Now imagine that your own family is surrounding you with love, joy, excitement, connection, support and happiness. Then, in a split second…bang! Something snaps inside of you. This energy force is built and derived from an intense anger; it leaps out from the depths of the deepest chasm of your soul. It comes from a place of gut wrenching darkness. It jolts the heart of your loved ones, your wife, your parents, your friends, your colleagues or even spits at strangers.
Sometimes, it gets worse, and the person who does not have the ability to stand up to you, is hurt, deeply, solemnly. Usually this someone is the one who has been giving you true, unconditional love, from the very moment they were born. Before it happened; the snap, I mean…you were the shining light in their heart of hearts. You were the guiding light, and yes, it is your child that I speak of, now. The most beautiful, honest, profound piece of you…your beloved, sacred child.
Whatever love they had for you before is ripped out from inside them; because in that moment (when you were weak), you snapped…really snapped. You came from a place of being absolutely: lonely, torn, depressed, frustrated, annoyed, and at that breaking point of anger, you broke them. You stole that innocence from them. You may have done it once, or many times before…
When your child is looking into your eyes with; fear, hurt, guilt, and deep sadness, you know right there and then that whatever it was to that made you crack and hurt them, needed to be fixed. It was going to be a long road to repair…all the damage you’ve done, to the innocence in their heart.
It is a road that can take many days, weeks, months and even years to journey through. And the journey is to purposefully get back to the same trust, connection, and pure love that you once shared. During all of that lost time – you could have been growing together. Nurturing the beautiful bond that only a father and a child has, together. Laughing, singing, growing and living; as a family entity.

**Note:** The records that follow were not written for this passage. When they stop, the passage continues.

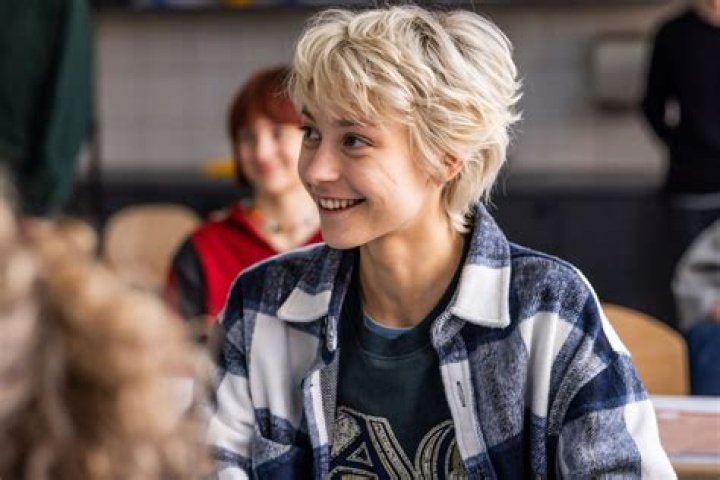 Krzysztof Oleksyn Wiki, Age, Height, Girlfriend & Parents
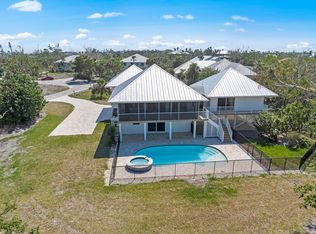 1057 Seahawk Ln, Sanibel, FL 33957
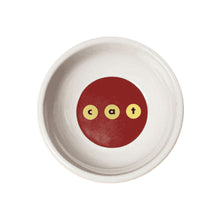 George - Modern Cat Bowl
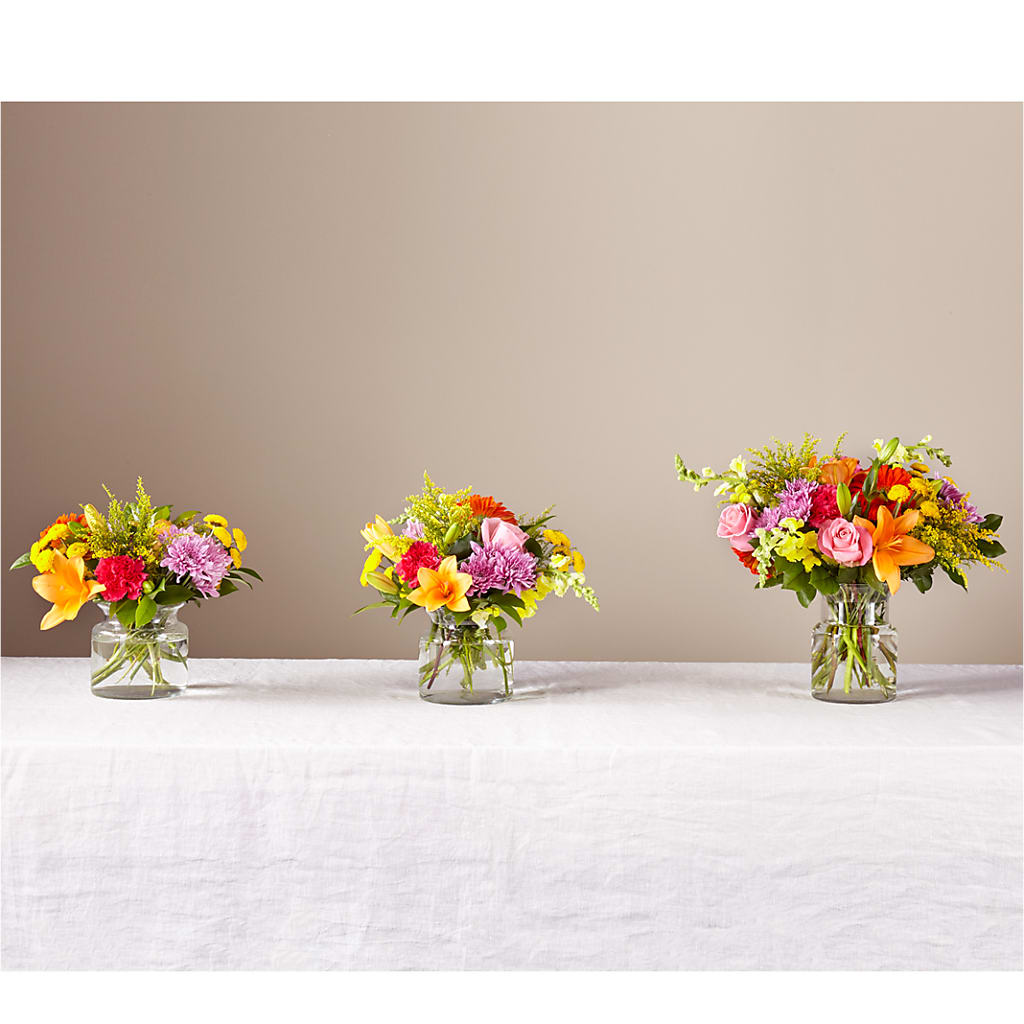 Party Punch Bouquet –  The Gift Garden, Macon GA
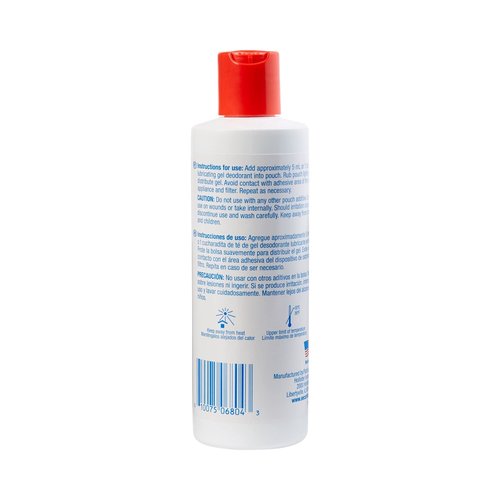 Securi-T Lubricating Gel Deodorant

But no. No laughter, no songs, no growth could possibly thrive in the ‘snap.’ This is because in that moment you choose to lose control – all of your emotions fly…off the handle, into another realm, out of control. Intensely, disgracefully, unjustly, inhumanely. You literally lose control of yourself; you lose your integrity…and in the totality of everything that you had been loving and nurturing, for many years, you do it still.

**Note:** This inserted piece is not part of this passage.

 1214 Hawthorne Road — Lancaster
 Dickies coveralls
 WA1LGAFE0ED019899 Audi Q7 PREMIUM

So, why did this happen to me? Why, why, why? You can live your life wondering why and continue cycling through a sabotaging pattern that does not serve you, or anyone else around you. I want you to ask better; more valuable questions, now though. “How do I solve this problem?” “What do I need to do to break the cycle?” “Who do I turn to for help?” Sometimes, you’re even wondering if there is any help, anywhere at all. So how do you go on? And what are you here for?
I truly knew from my own experience that something had to change. Something had to be done, immediately. I had to ensure that the love that my children had for me, could continue to expand and grow, outwardly. It was up to me, and only me, to recognize it and change it. I began the search for someone or something… to release the anger swelling up inside me, horribly, fearfully and painfully.
Yes, I knew I could not continue to be an angry person around my loved ones, and especially not my children. I wanted a better life for them, and I wanted to be a fun dad, a loving dad, a kind hearted dad. When I connect with my child I want to look deep into their eyes; I want to see the pure love they have for me…
I eventually stepped up and found a way. A way out – to let go of what was not serving me. I found much more of what I needed. I learned to be fun, loving, inspirational and a great mentor to my gorgeous, wonderful children. Now they can also express their own emotions, and share with me; in a fun, safe and loving environment. And you can have that feeling too! Yes, you. And you are so worth it.